WORK TASK:
Take the records below and print them verbatim up to and including the line that carries "Schöne Kelch mit".
---- PROVIDED INFORMATION
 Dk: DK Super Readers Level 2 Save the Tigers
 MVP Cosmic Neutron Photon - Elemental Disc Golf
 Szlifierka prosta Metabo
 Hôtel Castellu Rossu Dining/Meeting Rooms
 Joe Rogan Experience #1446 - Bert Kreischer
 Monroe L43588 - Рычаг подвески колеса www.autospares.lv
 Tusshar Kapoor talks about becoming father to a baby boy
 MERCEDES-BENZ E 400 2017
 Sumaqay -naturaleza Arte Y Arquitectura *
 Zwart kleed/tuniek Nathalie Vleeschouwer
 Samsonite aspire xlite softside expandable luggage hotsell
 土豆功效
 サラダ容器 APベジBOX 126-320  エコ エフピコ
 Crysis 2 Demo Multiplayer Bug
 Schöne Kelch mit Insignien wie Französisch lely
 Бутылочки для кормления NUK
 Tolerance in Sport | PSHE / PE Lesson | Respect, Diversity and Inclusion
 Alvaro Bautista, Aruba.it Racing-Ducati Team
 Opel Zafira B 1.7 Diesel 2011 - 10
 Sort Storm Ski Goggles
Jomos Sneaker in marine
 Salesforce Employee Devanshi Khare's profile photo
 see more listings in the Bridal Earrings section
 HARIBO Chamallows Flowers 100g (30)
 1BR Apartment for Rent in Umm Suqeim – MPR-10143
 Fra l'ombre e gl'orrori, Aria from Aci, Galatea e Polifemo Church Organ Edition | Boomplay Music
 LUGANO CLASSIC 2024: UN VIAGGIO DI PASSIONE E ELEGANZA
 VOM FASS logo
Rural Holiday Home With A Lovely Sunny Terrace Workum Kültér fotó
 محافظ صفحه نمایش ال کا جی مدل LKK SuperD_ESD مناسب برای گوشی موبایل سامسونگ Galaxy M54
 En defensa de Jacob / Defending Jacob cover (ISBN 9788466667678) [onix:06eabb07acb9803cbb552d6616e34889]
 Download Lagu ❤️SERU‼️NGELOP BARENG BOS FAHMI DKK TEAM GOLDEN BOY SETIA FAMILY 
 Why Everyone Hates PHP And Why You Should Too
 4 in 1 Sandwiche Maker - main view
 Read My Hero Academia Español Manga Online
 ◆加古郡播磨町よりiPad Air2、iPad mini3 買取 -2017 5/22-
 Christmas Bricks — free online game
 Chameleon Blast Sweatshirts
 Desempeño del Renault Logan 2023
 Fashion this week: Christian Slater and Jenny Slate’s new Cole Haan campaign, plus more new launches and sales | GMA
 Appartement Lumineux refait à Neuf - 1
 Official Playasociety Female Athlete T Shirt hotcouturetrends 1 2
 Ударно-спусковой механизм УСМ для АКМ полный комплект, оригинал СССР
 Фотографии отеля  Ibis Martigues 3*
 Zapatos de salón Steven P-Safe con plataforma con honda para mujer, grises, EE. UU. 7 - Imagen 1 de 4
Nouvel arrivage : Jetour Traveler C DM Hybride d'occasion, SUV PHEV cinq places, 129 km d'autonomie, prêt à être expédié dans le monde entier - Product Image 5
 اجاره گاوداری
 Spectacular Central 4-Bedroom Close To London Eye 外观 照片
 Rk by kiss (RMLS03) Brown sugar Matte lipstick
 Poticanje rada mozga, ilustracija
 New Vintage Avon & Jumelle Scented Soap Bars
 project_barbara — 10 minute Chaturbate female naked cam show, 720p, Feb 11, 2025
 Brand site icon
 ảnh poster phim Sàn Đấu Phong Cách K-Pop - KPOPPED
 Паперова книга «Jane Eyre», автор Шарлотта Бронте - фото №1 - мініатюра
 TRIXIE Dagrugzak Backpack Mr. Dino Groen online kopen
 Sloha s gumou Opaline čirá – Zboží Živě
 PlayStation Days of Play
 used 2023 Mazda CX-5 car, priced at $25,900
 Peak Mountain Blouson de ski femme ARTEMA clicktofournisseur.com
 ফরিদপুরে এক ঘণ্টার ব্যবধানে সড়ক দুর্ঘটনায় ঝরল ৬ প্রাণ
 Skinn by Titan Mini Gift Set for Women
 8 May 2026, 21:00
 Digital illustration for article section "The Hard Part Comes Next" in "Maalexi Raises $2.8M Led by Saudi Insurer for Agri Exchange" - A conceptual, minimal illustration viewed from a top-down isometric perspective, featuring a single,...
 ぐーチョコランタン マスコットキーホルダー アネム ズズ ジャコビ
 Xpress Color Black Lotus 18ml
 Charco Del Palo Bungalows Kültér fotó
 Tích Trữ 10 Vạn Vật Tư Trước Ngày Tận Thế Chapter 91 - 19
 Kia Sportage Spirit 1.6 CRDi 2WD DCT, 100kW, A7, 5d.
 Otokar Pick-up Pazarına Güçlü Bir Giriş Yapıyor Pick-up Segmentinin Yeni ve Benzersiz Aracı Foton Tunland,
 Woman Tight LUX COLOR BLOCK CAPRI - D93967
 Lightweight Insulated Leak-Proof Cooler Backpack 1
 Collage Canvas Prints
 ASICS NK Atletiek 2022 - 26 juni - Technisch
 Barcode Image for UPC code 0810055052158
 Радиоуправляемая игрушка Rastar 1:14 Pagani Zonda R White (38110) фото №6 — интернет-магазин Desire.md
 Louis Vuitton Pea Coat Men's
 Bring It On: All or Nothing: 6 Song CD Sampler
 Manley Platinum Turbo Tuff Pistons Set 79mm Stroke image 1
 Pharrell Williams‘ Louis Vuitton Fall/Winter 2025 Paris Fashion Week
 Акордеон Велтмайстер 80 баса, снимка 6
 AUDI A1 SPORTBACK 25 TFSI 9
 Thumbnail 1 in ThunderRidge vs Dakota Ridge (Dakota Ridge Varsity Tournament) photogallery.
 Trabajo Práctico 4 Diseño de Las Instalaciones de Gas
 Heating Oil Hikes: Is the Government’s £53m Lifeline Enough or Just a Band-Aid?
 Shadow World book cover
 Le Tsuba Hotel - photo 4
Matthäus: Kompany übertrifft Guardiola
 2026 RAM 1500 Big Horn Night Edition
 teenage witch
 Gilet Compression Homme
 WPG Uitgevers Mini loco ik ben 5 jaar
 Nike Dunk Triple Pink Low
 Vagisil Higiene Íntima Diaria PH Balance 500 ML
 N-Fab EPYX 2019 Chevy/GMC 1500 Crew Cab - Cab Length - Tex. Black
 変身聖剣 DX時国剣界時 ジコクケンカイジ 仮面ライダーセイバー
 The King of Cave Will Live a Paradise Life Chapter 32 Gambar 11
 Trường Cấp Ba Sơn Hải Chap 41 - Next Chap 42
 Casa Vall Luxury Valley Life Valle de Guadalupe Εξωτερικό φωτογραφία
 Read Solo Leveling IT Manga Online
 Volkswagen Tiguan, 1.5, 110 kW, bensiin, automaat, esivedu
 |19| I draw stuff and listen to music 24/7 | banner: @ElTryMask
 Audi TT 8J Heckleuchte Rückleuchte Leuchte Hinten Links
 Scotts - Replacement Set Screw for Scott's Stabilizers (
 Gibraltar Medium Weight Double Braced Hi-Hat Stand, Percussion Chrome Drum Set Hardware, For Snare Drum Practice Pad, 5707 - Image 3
--------
OUTPUT:
 Dk: DK Super Readers Level 2 Save the Tigers
 MVP Cosmic Neutron Photon - Elemental Disc Golf
 Szlifierka prosta Metabo
 Hôtel Castellu Rossu Dining/Meeting Rooms
 Joe Rogan Experience #1446 - Bert Kreischer
 Monroe L43588 - Рычаг подвески колеса www.autospares.lv
 Tusshar Kapoor talks about becoming father to a baby boy
 MERCEDES-BENZ E 400 2017
 Sumaqay -naturaleza Arte Y Arquitectura *
 Zwart kleed/tuniek Nathalie Vleeschouwer
 Samsonite aspire xlite softside expandable luggage hotsell
 土豆功效
 サラダ容器 APベジBOX 126-320  エコ エフピコ
 Crysis 2 Demo Multiplayer Bug
 Schöne Kelch mit Insignien wie Französisch lely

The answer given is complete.